(Collection entries)
────────

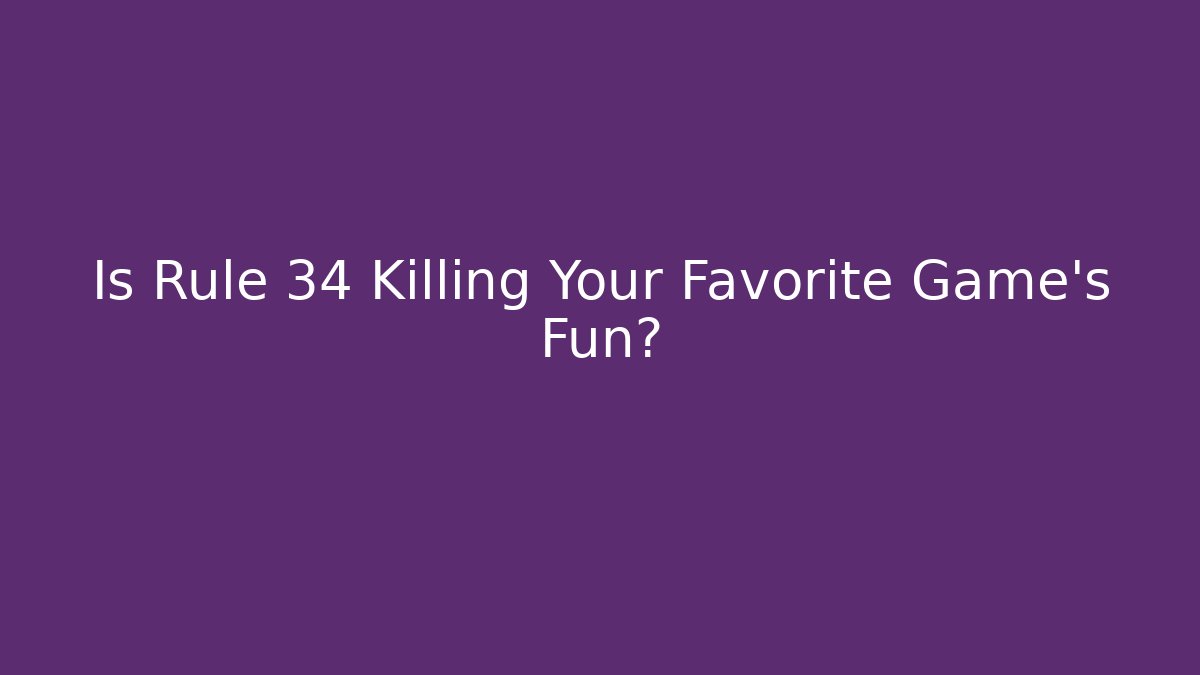 Is Rule 34 Killing Your Favorite Game’s Fun?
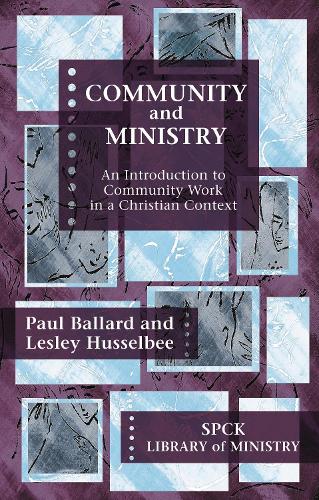 Бумажная книга «Community and Ministry: An Introduction To Community Work In A Christian Context», автор Пол Х. Баллард - фото №1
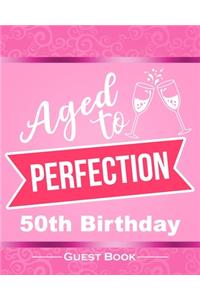 Aged To Perfection 50th Birthday Guest Book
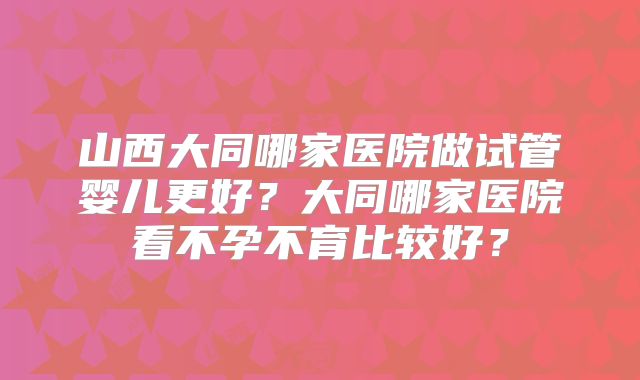 山西大同哪家医院做试管婴儿更好？大同哪家医院看不孕不育比较好？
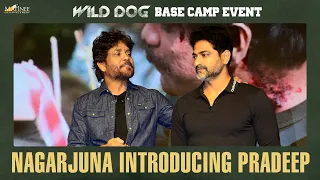 Nagarjuna introducing Pradeep | Wild Dog Base Camp Event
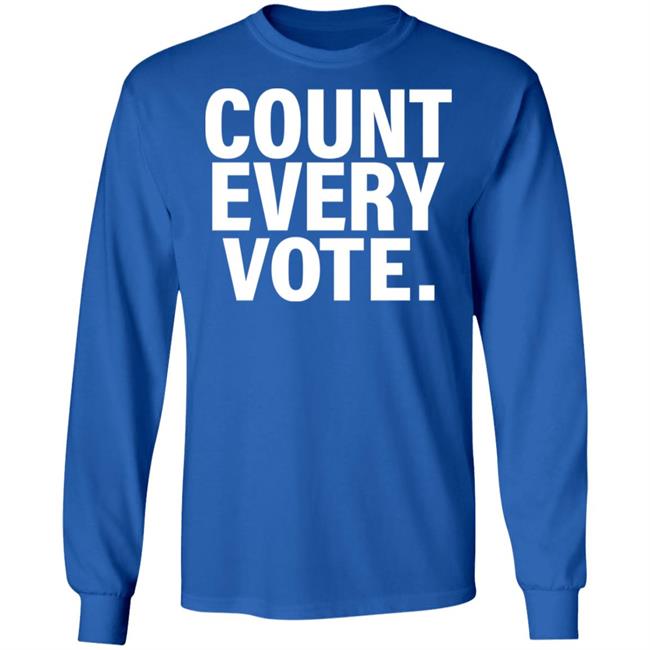 David Gabig Holds Aloft A "Count Every Vote '' Shirt David Gabig Holds Aloft A "Count Every Vote '' Shirt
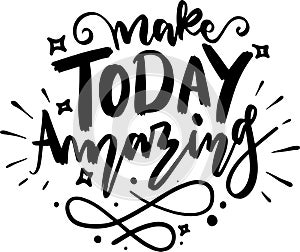 Make Today Amazing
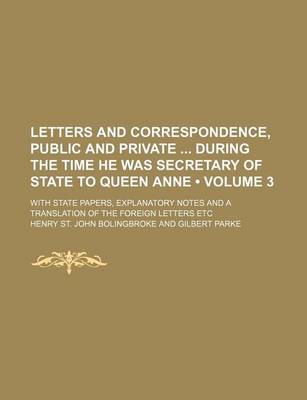 Book cover for Letters and Correspondence, Public and Private During the Time He Was Secretary of State to Queen Anne (Volume 3); With State Papers, Explanatory Note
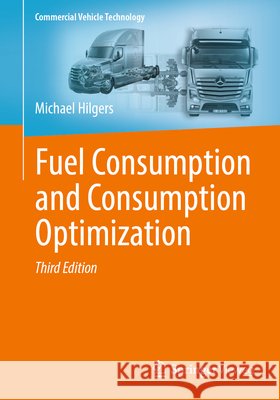 Fuel Consumption and Consumption Optimization Michael Hilgers 9783662738122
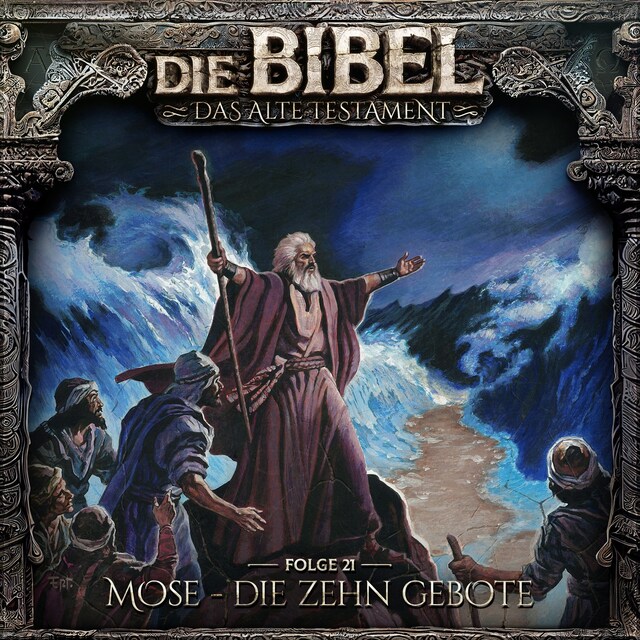 Book cover for Die Bibel, Altes Testament, Folge 21: Mose - Die zehn Gebote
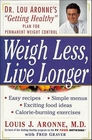 Weigh Less Live Longer Dr Lou Aronne's Getting Healthy Plan for Permanent Weight Control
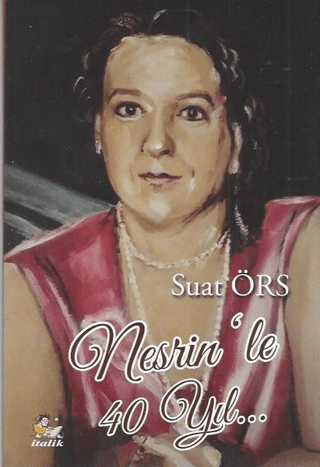 Nesrin'le 40 Yıl... Suat Örs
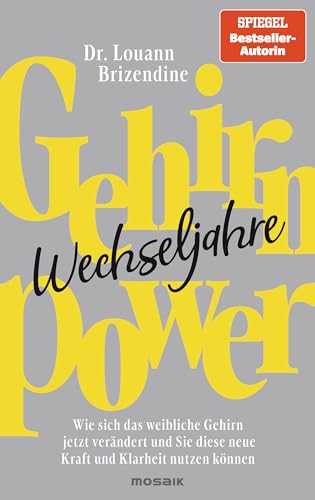 Gehirn-Power Wechseljahre: Wie sich das weibliche Gehirn jetzt verändert und Sie diese neue Kraft und Klarheit nutzen können von Mosaik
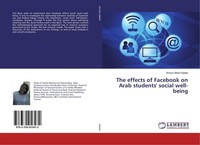 The Effects Of Facebook On Arab Students' Social Well-Being Amany Albert Adeeb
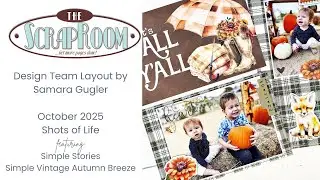The Scraproom | October 2025 Shots of Life | Simple Stories Autumn Breeze | @SamaraGugler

────────

- [What you are asked to do]:
Each line of the data needs to be output exactly, with any image excluded.

- [Reply to the task]:
 Is Rule 34 Killing Your Favorite Game’s Fun?
 Бумажная книга «Community and Ministry: An Introduction To Community Work In A Christian Context», автор Пол Х. Баллард - фото №1
 Aged To Perfection 50th Birthday Guest Book
 山西大同哪家医院做试管婴儿更好？大同哪家医院看不孕不育比较好？
 Nagarjuna introducing Pradeep | Wild Dog Base Camp Event
 David Gabig Holds Aloft A "Count Every Vote '' Shirt David Gabig Holds Aloft A "Count Every Vote '' Shirt
 Make Today Amazing
 Book cover for Letters and Correspondence, Public and Private During the Time He Was Secretary of State to Queen Anne (Volume 3); With State Papers, Explanatory Note
 Fuel Consumption and Consumption Optimization Michael Hilgers 9783662738122
 Book cover for Die Bibel, Altes Testament, Folge 21: Mose - Die zehn Gebote
 Weigh Less Live Longer Dr Lou Aronne's Getting Healthy Plan for Permanent Weight Control
 Nesrin'le 40 Yıl... Suat Örs
 Gehirn-Power Wechseljahre: Wie sich das weibliche Gehirn jetzt verändert und Sie diese neue Kraft und Klarheit nutzen können von Mosaik
 The Effects Of Facebook On Arab Students' Social Well-Being Amany Albert Adeeb
The Scraproom | October 2025 Shots of Life | Simple Stories Autumn Breeze | @SamaraGugler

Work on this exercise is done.